Saturday, 5 January 2008

McSweeney's at 25

I have been an occasional subscriber to McSweeney's (or Timothy McSweeney's Quarterly Concern to give it its full title) over the years and as the 25th issue recently came through my letterbox, marking a sort of anniversary, I thought it might be worth having a look back at this most curious and ground breaking of journals.

McSweeney's was begun by Dave Eggers in 1998 shortly before the publication of his memoir A Heartbreaking Work of Staggering Genius which went on to become a huge commercial and critical hit. It provided the opportunity for young writers to be published alongside some of the more established voices of American fiction; The first issue included pieces from David Foster Wallace and Rick Moody as well as early work from Ana Marie Cox and Adrienne Miler, all of which had been rejected previously by other magazines. What immediately marked it out was its tone. This was a literary journal that was fun, that had a sense of humour, that was, dare I use the word, quirky. From the copyright page to the list of contributors at the back no seemingly mundane page is left untouched by the impish desire to confound your expectations -God is in the details.

With the fourth edition there was a change in style. The black and white book was replaced by a cardboard box filled with 14 individual booklets, each with its own illustration. From there McSweeney's hasn't looked back, trying with each issue to find new and more inventive ways of presenting its wares. This has included the use of large rubber bands, a cigar box, magnets, playing cards and a free comb. Some have been beautiful like issue 13 with an elaborate fold-out dust jacket created by Chris Ware. Others have been quirky for quirky sake like issue 17 which came as a bundle of mail which seemed to conceal the fact that there wasn't much to actually read. I am prepared to admit that I'm a sucker for a beautiful book, some editions are a joy to behold and I find myself regularly pulling them off the shelves for a quick flick. There is also no doubt that some of the pieces are excellent but as someone who has yet to truly appreciate the short story form I have found myself getting most pleasure from the odd and unexpected non-fiction articles.
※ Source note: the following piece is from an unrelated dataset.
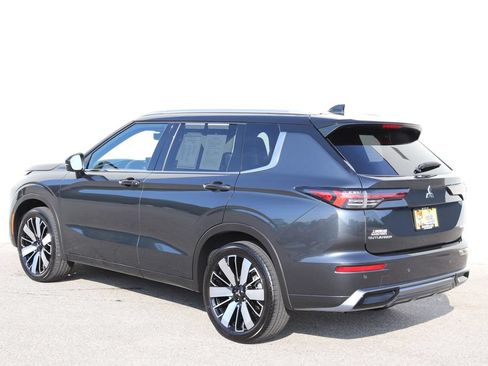 Used 2025 Mitsubishi Outlander SEL FWD image 26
So the journal has become admired as much for its artistic exterior as the quality of the writing inside (and maybe not always staying on the right side of that balance) but it is what else McSweeney's has become that makes it groundbreaking. There is McSweeney's Books which maintains the high publishing standards with both fiction and non-fiction covering everything from the criminal justice system to 'How to Dress for Every Occasion' by The Pope. There are now two other journals; The Believer edited by Eggers' wife Vendela Vida among others and containing book reviews and interviews, and also Wolphin a quarterly DVD magazine featuring short films, documentaries and animation. Gathering all of this together is McSweeney's Internet Tendency, the website, which contains new items daily.

But on top of all this publishing and most laudable of all is the creation of 826 National 'a family of seven non-profit organizations dedicated to helping students, ages 6-18, with expository and creative writing.' Starting first in his native San Francisco these youth writing centres have spread across the States promoting the importance of writing in the development of young people. Dave Eggers most recent novel What is the What has also drawn attention to the plight of those who suffered in Sudan, again particularly the children. It is very heartening to see a man channel every piece of luck, acclaim and publicity back into creating something new, something useful, something of a legacy.

Happy Birthday McSweeney's (and I look forward to issue 27 which comes 'in a windowed slipcase').